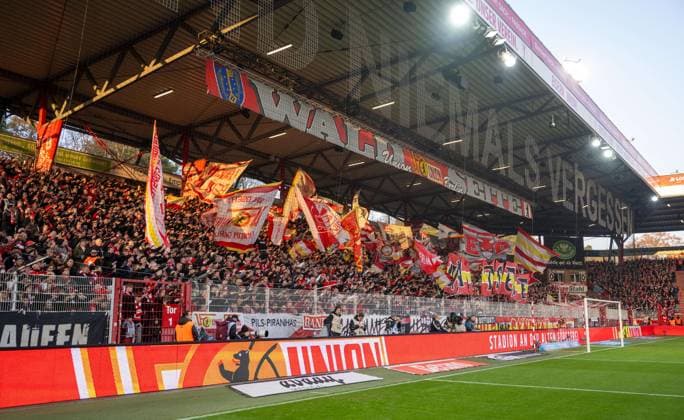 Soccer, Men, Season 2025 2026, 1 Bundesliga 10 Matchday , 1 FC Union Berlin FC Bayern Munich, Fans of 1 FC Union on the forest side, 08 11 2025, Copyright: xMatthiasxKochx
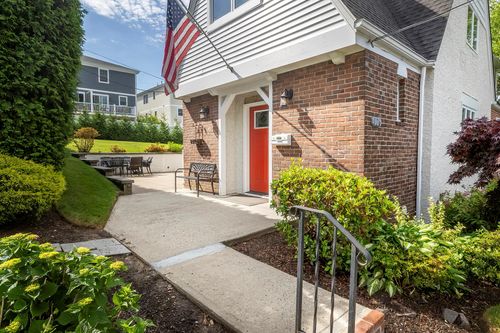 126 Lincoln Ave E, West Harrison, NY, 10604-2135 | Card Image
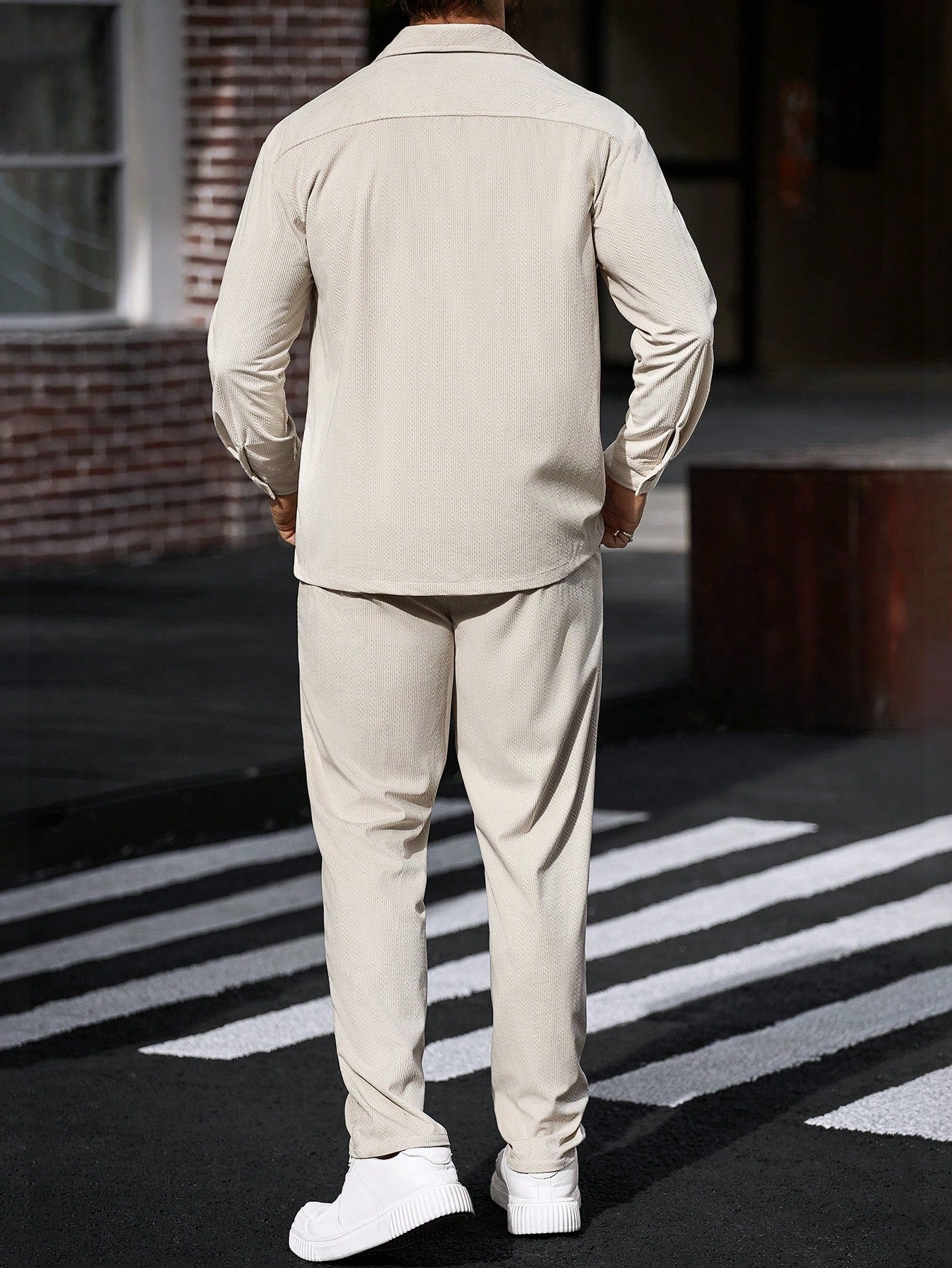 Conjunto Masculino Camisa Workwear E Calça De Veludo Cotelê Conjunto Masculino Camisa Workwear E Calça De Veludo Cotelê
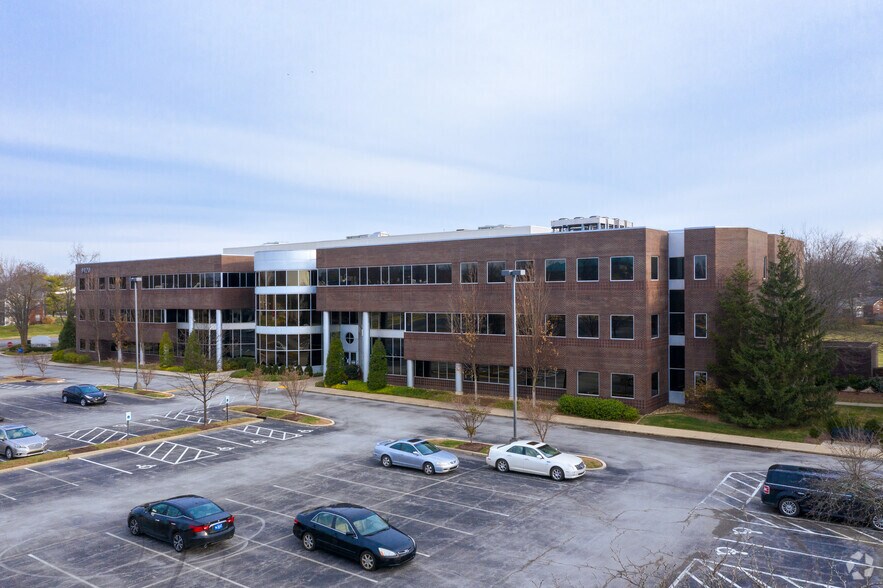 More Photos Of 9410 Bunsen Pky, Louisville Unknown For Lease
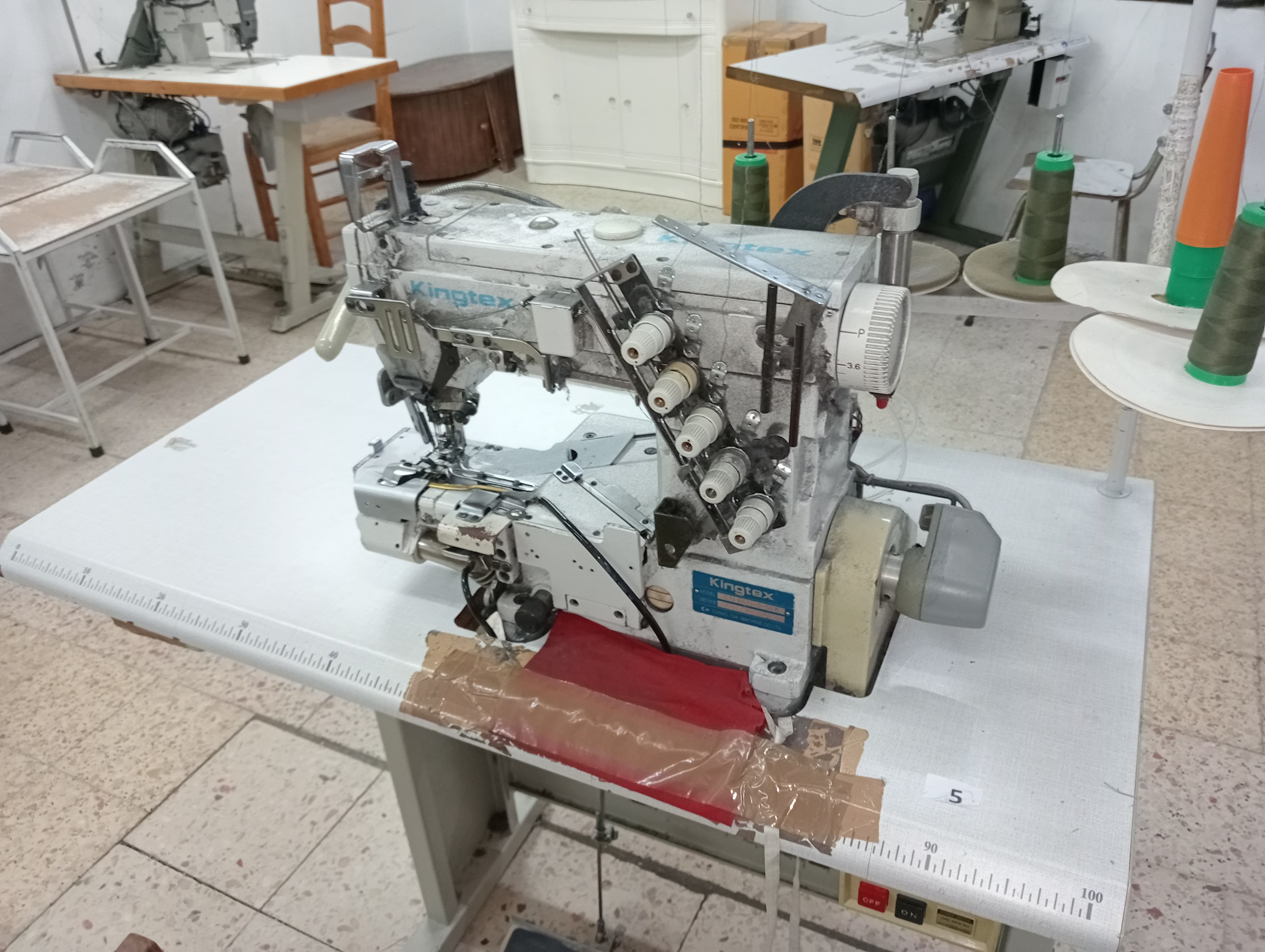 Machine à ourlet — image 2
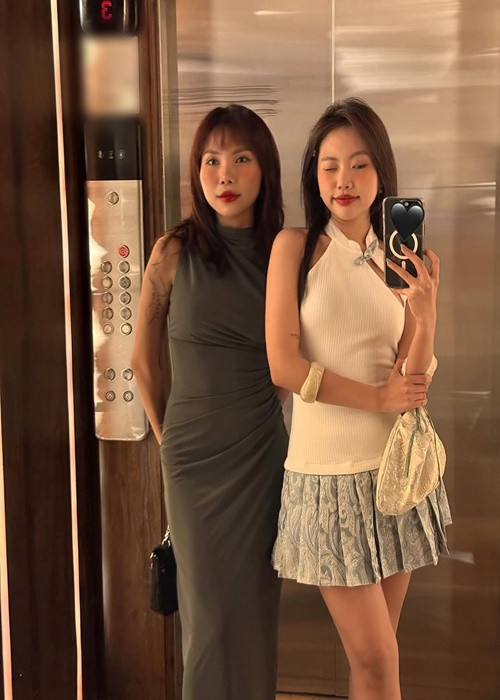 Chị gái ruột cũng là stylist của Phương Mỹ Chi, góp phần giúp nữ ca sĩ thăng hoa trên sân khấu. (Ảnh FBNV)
--------
• Task to complete:
Reproduce the records exactly, images excluded.

• Written answer:
 Soccer, Men, Season 2025 2026, 1 Bundesliga 10 Matchday , 1 FC Union Berlin FC Bayern Munich, Fans of 1 FC Union on the forest side, 08 11 2025, Copyright: xMatthiasxKochx
 126 Lincoln Ave E, West Harrison, NY, 10604-2135 | Card Image
 Conjunto Masculino Camisa Workwear E Calça De Veludo Cotelê Conjunto Masculino Camisa Workwear E Calça De Veludo Cotelê
 More Photos Of 9410 Bunsen Pky, Louisville Unknown For Lease
 Machine à ourlet — image 2
 Chị gái ruột cũng là stylist của Phương Mỹ Chi, góp phần giúp nữ ca sĩ thăng hoa trên sân khấu. (Ảnh FBNV)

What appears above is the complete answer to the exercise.